Sie selbst wuchs nach und nach in ihre Mutterrolle und die kleine Familie hinein. Wenn es nach ihrem Mann ginge, würde diese auch noch weiterwachsen. „Klar wäre noch ein Kind schön, unser Sohn war ja auch ein absolutes Wunschkind“, sagt Vanessa. „Aber die Geburt war so ein traumatisches Erlebnis, das ich gerade erst überwunden habe. Ich würde mich wahrscheinlich mit aller Kraft dagegen wehren, nochmal in einen Kreißsaal zu müssen.“
Geburtstrauma: Hilfe für Betroffene
Hilfe finden Betroffene zum Beispiel über den Verein „Schatten & Licht“. Er bietet einen Überblick über Expertinnen und Experten, an die sich Mütter wenden können, und organisiert zudem bundesweit Selbsthilfegruppen.

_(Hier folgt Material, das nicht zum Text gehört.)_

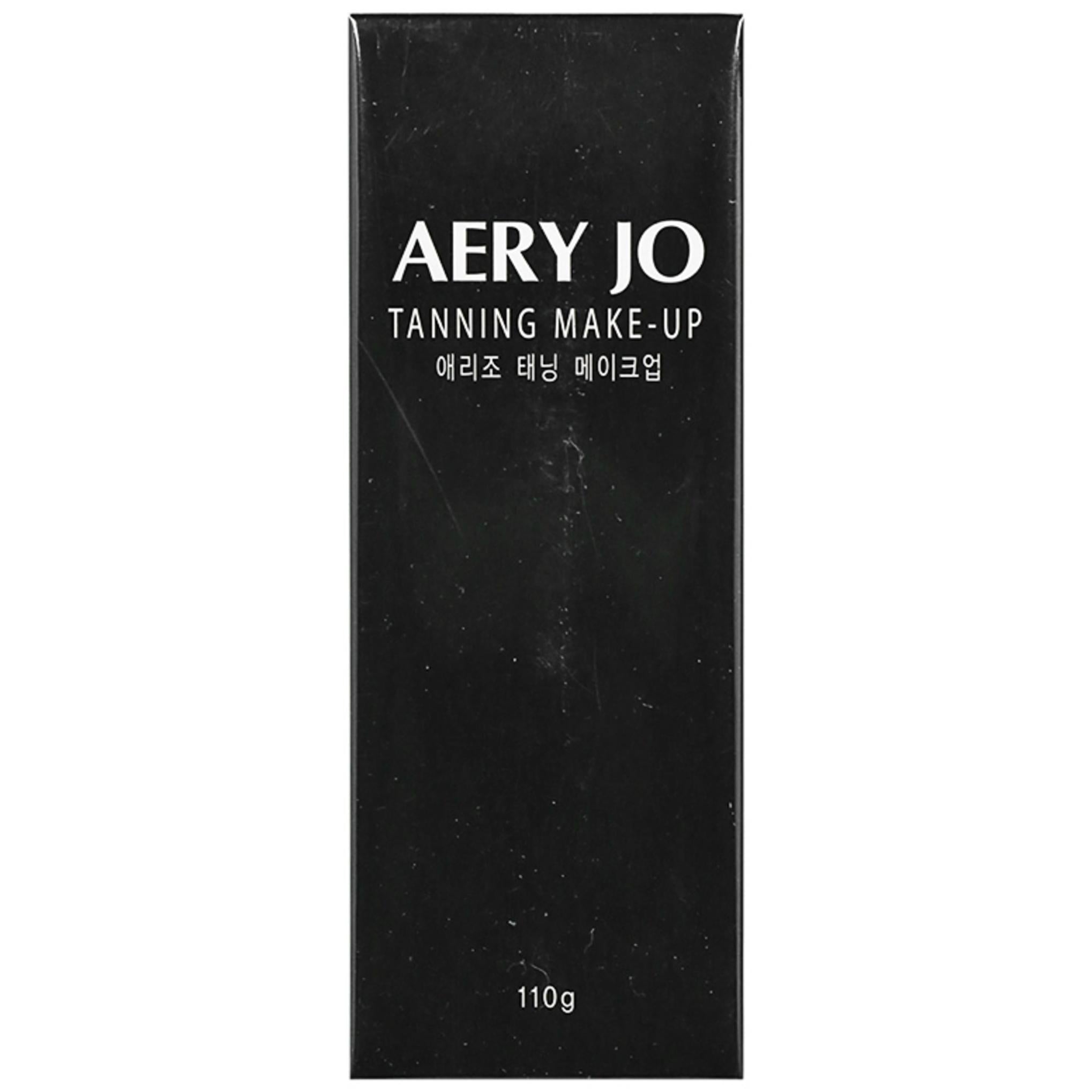 Maquillage autobronzant Arizona n°2 Topaz Samba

Auf der Website können Frauen außerdem einen Selbsttest durchführen. Dieser kann dabei helfen, die Erkrankung nach der Geburt selbst besser einschätzen zu können.
Die Vereine „Mother Hood“ und „ISPPM“ setzen sich ebenfalls für sichere Geburten und die Rechte der Familien ein. Um Mütter nach einer schwierigen Geburtserfahrung zu unterstützen, haben sie ein Hilfetelefon eingerichtet. Unter der 0228/92959970 können Betroffene mittwochs von 12 bis 14 Uhr und donnerstags von 19 bis 21 Uhr mit Expertinnen über ihre Erfahrungen sprechen.